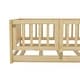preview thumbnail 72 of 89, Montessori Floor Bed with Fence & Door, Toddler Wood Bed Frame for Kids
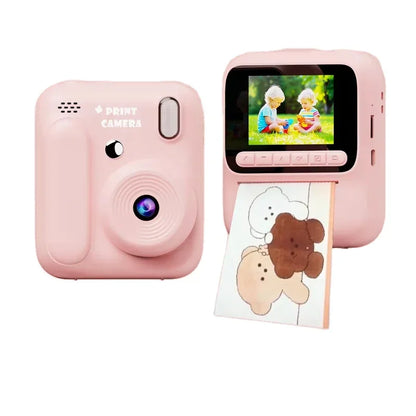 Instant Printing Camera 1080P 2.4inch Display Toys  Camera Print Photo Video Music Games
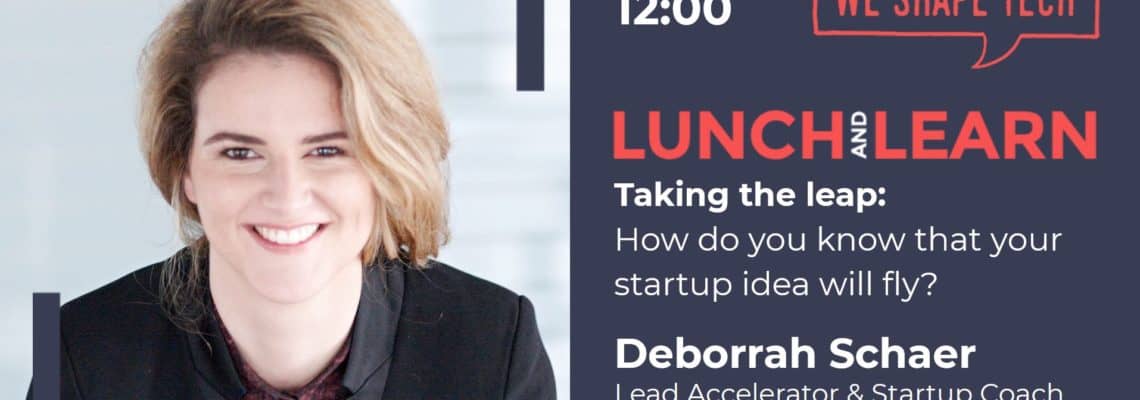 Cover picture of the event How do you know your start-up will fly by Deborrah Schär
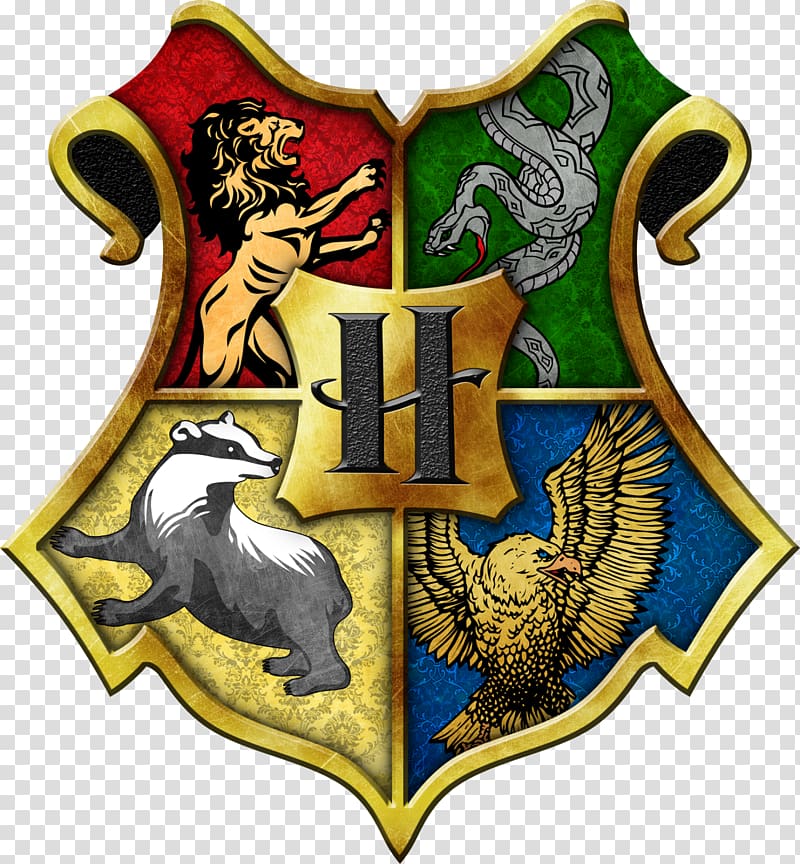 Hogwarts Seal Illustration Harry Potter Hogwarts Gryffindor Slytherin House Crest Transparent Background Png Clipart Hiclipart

• Assigned task
A word-for-word repetition of the data above, without pictures, is the expected answer.

• Written reply
preview thumbnail 72 of 89, Montessori Floor Bed with Fence & Door, Toddler Wood Bed Frame for Kids
 Instant Printing Camera 1080P 2.4inch Display Toys  Camera Print Photo Video Music Games
 Cover picture of the event How do you know your start-up will fly by Deborrah Schär
 Hogwarts Seal Illustration Harry Potter Hogwarts Gryffindor Slytherin House Crest Transparent Background Png Clipart Hiclipart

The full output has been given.